Laatst begon ik een column te schrijven over mijn favoriete tien-punten-lijstje voor goede projectplannen. Ik liet het concept zien aan een ervaren programmamanager die ik hoog acht. Hij maakte korte metten met mijn lijstje en zei dat wat ik schreef te gebruikelijk was. Zijn aanpak? Hij beoordeelt projecten naar de geur: ruiken ze genoeg naar bier en ruiken ze genoeg naar angst?
Laat me dit uitleggen. Over één punt op mijn checklist waren we het wel eens. De kunst is om het doel van een project goed te kiezen en scherp te formuleren, zodat de opbrengst van het project voor iedereen duidelijk is. Volgens deze ervaren programmamanager moet het echter op een bierviltje passen. Als het niet op een bierviltje past is het niet uit te leggen. En als het niet uit te leggen is, is het niet te besturen. Zo simpel is dat.

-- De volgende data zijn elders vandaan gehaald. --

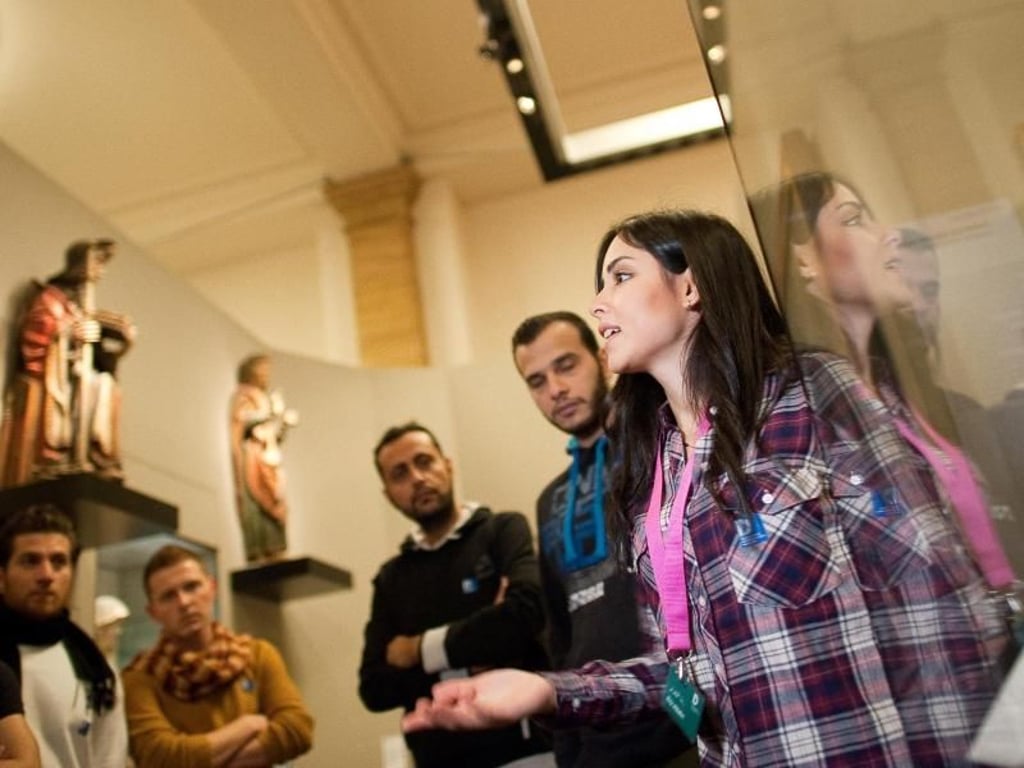 Die Syrerin Rita Albahr (r.) führt im Historischen Museum eine Klasse durch die Ausstellung "Deutsche Geschichte in Bildern und Zeugnissen". Foto: Klaus-Dietmar Gabbert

Als het doel eenmaal duidelijk is, gaat iedereen in een keer nadenken over de risico's. Wat kan er allemaal misgaan? Obstakels zijn er altijd. Als er niets mis kon gaan was het project namelijk al lang gedaan. Zo ontstaan dikke projectplannen waarin tot in detail allerlei zaken worden geregeld. Het grootste deel van mijn lijstje ging daar eigenlijk over, maar volgens deze programmamanager wasemt een dik projectplan pure angst uit. Angst dat opdrachtgevers hun verantwoordelijkheid niet nemen, stakeholders niet meewerken, of dat onderaannemers niet begrijpen wat er van hen wordt verwacht. Een dik projectplan is geen garantie voor succes, eerder een indicatie dat de kans op mislukking groot is. Als dat onvermijdelijk is, is het maar beter om daar rekening mee te houden.
Kortom, bij uw volgende projectplan gaat u na of het naar bier ruikt, of naar angst. Misschien ruikt het naar angst, maar nog niet genoeg naar bier. Misschien ruikt het naar bier, maar moet het eigenlijk meer naar angst ruiken. Werk daar dan aan. Als het project eenmaal goed loopt, kun je het altijd nog écht naar bier laten ruiken.